Meg Munn: We regularly urge the Chinese Government to protect the right of all individuals to peaceful expression of their views on all issues. My right hon. Friend the Foreign Secretary has spoken to Chinese Foreign Minister Yang on several occasions, since the recent unrest in Tibet, urging respect for human rights in Tibet, including the right to freedom of expression. His officials have raised the issue of arrests directly with the Chinese authorities.
In addition, following the unrest in March, my right hon. Friend the Foreign Secretary took part in the informal Gymnich meeting of EU Foreign Ministers from 28 to 29 March.

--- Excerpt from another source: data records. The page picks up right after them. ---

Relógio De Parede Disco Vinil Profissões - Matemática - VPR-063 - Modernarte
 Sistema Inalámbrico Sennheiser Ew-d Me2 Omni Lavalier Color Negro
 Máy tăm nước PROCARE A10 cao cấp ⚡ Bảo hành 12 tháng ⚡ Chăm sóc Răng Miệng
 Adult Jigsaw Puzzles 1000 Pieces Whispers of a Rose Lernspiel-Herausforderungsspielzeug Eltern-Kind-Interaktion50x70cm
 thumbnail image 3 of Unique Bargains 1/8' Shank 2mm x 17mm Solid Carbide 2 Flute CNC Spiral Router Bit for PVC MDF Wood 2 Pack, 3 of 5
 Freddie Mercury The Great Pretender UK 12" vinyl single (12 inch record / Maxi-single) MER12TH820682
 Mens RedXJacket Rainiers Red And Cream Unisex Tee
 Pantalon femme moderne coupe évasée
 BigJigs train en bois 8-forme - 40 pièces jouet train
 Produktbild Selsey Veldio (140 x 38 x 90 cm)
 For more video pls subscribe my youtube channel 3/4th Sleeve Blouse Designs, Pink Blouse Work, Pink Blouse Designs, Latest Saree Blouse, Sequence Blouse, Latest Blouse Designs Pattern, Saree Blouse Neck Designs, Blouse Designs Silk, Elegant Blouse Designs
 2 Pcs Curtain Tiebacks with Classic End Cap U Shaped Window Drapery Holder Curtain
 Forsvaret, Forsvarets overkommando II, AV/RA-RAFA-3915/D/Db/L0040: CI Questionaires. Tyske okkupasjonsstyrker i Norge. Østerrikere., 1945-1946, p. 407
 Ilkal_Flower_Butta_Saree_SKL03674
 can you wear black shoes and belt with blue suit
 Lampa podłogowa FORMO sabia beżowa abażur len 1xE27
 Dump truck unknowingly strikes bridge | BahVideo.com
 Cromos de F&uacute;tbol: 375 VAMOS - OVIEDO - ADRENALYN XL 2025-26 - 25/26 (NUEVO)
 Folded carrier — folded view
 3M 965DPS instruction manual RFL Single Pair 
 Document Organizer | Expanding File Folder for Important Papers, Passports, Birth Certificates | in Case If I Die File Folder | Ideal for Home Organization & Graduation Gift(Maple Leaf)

EU Foreign Ministers expressed their concern over Tibet, calling for an end to violence and asking that arrested persons be treated in conformity with international standards.
Mr. Keith Simpson: To ask the Secretary of State for Foreign and Commonwealth Affairs what reports he has received on the recent sentences handed down to seven nuns by the Chinese authorities in relation to the March and April 2008 protests in Tibet; and whether he has made any representations to the Chinese authorities about the sentences. 
Meg Munn: We continue to receive a range of reports concerning the detention and arrests of numerous individuals in relation to the recent unrest in Tibet, including nearly 100 nuns in Khardze County, Sichuan Province. Together with EU partners, we continue to urge the Chinese Government to ensure due process for all detainees, including access to legal counsel of choice and access for independent observers to all trials. My right hon. Friends the Prime Minister and the Foreign Secretary raised these concerns with their Chinese counterparts on several occasions since the protests. The EU raised these concerns at the EU-China Human Rights Dialogue, which took place in Slovenia on 15 May.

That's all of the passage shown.